Our behavior-based mobility intelligence platform enables fair and consistent mobility scoring results. Mobility behavior is influenced by many factors. Some of these are internal factors that reflect the active decisions the driver makes. Additionally, there are external factors (e.g. local weather, traffic, infrastructure, culture, etc.) that are taken into account to quantify a behavior. The biases these external factors can introduce are considered and removed from the analysis due to the artificial intelligence layer. However, the driver’s reaction to external factors is an important component of behavior-based analysis and is incorporated in our behavior intelligence.
Behavioral biometrics is crucial to providing accurate mobility scoring. For example, a trip with two hard braking events might indicate good, average, or poor driving performance depending on the other factors involved. To illustrate, consider two extremes: 1) a driver on a straight road with few vehicles in a region where keeping a large distance from the car ahead is typical, and 2) a driver on a busy city street with poor road layout surrounded by an aggressive driving culture. In the first case, two hard brakes is much harder to justify than in the second case. It is more likely in the second case that the driver had to brake suddenly to avoid the car that just cut in front or the pedestrian that ran across the street.
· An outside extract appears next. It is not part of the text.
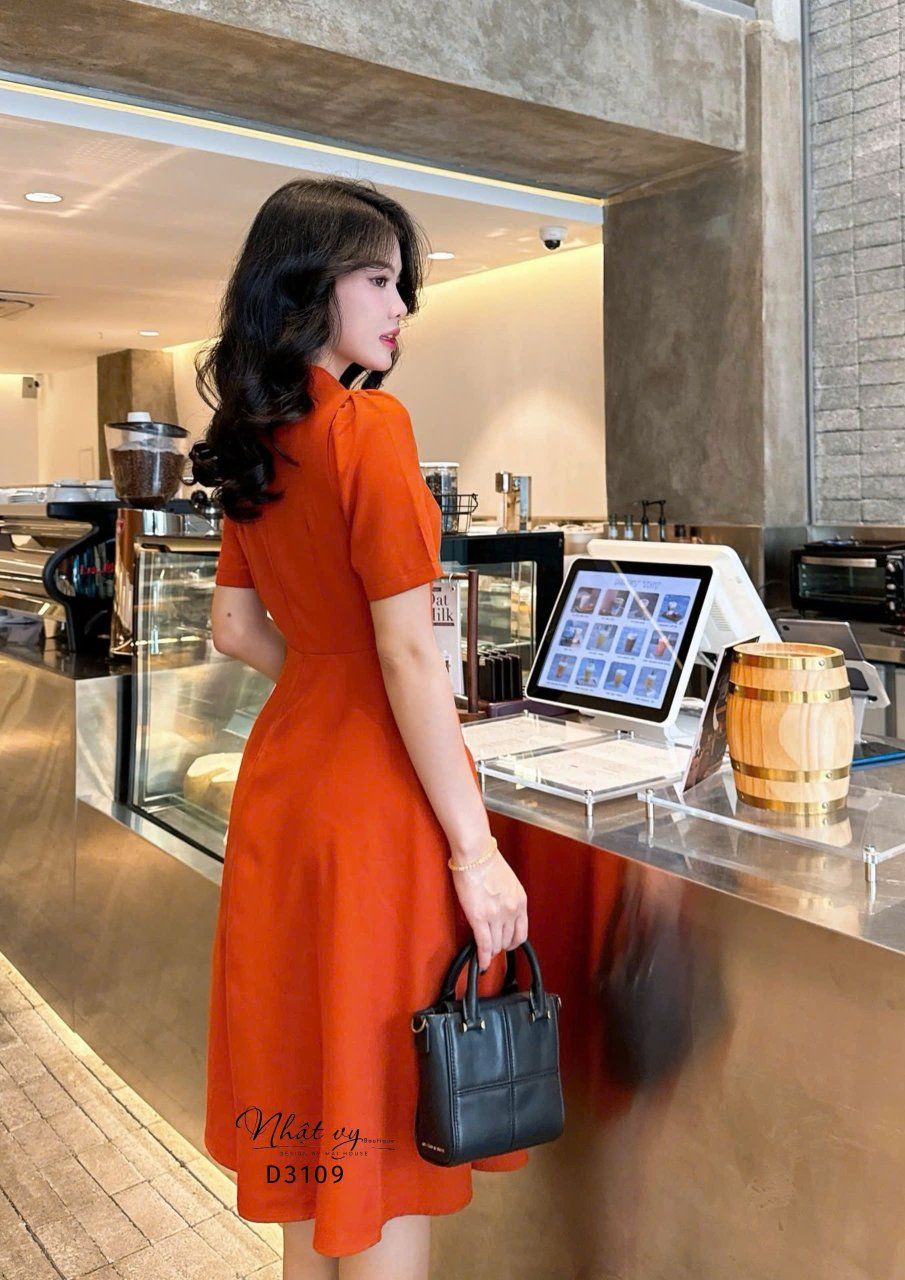 Đầm sơ mi nút kiểu form dáng xoè - D3109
Our patented technology takes these factors into account to provide a fair and consistent evaluation of a driver’s tendencies. The statistical performance over the entire drive is monitored in addition to looking for specific driving events. For example, a driver that continually brakes hard at every stop sign and speeds off quickly (though does not cross the thresholds set for driving events) indicates more aggressive and less efficient driving behavior than one who steadily reduces speed but may have one or two braking events in a city. Additionally, our behavior-based analytics factor in regional differences, infrastructure (e.g. mountains v. flat land), vehicle type, weather trends, and additional information to compare driving performance across different regions, environments, etc. The driver is evaluated over time to derive a deep understanding of a driver’s behavior. However, individual trips may be evaluated in the same manner to provide insight into a driver’s current trends or to distinguish between driver and passenger.
One of the core facts we understood from the very beginning is that a smartphone and most motion tracking devices are not built to capture highly accurate data. While those devices are equipped with sensors, (e.g., location, accelerometer, magnetometer, gyroscope or other sensors), the capability of producing a high quality, homogenous data stream is very limited. Modern smartphones, for example, are primarily utilizing motion sensors to either rotate pictures as the device is rotated or to detect repetitive motion sequences such as walking or running.